:: Requirement ::
Scan the records below for the word "Ford". Copy each line where it appears.

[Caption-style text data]
===

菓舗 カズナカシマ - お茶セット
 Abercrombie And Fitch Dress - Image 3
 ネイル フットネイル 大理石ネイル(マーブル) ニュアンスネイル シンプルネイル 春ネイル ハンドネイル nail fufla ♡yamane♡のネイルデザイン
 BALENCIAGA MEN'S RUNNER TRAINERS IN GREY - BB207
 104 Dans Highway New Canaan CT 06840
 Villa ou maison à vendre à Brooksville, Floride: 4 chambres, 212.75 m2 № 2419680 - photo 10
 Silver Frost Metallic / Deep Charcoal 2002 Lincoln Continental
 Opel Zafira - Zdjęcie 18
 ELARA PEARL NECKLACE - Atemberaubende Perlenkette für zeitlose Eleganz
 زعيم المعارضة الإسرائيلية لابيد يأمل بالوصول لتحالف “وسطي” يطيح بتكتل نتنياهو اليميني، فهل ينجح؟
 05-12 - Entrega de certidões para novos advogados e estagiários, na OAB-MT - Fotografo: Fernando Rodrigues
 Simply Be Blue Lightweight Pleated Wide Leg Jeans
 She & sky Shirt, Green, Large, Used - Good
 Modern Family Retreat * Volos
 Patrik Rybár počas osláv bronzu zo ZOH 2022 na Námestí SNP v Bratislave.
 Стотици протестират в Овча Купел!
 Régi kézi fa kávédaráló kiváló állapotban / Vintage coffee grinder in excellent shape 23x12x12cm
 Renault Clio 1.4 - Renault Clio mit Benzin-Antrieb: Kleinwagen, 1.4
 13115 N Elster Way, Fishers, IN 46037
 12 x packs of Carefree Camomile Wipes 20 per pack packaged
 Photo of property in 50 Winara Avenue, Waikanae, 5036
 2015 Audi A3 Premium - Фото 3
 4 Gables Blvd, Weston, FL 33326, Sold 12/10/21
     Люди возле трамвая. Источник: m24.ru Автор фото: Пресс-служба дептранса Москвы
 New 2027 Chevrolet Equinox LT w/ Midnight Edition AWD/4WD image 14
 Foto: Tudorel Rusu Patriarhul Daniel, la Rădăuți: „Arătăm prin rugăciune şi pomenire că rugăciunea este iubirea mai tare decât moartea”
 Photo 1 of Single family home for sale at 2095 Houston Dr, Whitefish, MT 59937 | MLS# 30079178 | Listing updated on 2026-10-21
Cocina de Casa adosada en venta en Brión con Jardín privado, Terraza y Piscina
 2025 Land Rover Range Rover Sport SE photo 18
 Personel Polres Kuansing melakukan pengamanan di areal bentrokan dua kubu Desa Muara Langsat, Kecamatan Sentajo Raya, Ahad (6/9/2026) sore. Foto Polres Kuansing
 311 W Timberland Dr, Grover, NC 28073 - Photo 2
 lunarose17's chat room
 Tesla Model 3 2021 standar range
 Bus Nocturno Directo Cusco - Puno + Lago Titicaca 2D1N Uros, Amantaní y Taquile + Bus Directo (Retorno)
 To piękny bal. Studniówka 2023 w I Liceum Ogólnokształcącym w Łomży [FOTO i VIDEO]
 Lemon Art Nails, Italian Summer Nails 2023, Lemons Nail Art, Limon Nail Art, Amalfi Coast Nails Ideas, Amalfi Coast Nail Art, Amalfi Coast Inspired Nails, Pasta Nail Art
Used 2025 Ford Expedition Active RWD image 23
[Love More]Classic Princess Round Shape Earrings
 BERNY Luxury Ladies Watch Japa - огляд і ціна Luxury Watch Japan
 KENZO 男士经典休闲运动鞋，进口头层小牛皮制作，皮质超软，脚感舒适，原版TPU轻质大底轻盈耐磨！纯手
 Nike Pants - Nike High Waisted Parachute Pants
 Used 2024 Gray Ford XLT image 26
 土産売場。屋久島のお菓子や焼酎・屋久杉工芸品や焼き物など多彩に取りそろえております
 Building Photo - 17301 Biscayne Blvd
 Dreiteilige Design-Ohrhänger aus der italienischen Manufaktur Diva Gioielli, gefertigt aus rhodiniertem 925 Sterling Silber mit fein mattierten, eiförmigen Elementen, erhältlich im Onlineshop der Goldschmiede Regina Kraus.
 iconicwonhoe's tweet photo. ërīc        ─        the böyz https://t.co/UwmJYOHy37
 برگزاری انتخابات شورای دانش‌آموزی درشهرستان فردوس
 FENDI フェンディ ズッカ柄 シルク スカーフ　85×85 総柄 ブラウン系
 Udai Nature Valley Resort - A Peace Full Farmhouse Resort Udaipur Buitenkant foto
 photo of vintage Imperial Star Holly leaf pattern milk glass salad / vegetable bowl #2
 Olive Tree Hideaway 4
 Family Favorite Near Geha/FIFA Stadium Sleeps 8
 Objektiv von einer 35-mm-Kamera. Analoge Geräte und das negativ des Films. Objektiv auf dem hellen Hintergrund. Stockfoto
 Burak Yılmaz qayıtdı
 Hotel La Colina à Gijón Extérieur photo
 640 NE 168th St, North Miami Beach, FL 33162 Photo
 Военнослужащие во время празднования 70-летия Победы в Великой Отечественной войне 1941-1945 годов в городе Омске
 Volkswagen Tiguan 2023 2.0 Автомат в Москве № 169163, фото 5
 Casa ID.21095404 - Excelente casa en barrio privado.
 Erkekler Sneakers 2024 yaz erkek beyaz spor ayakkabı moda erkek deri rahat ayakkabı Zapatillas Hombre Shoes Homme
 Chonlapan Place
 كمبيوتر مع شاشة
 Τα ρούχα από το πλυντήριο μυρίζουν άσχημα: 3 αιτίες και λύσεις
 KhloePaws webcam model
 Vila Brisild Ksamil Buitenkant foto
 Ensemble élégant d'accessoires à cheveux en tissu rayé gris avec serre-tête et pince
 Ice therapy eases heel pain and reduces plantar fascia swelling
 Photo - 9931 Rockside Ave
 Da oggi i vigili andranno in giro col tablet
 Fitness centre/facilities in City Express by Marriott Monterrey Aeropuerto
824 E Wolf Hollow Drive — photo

===

:: Result of this exercise ::
Used 2025 Ford Expedition Active RWD image 23
 Used 2024 Gray Ford XLT image 26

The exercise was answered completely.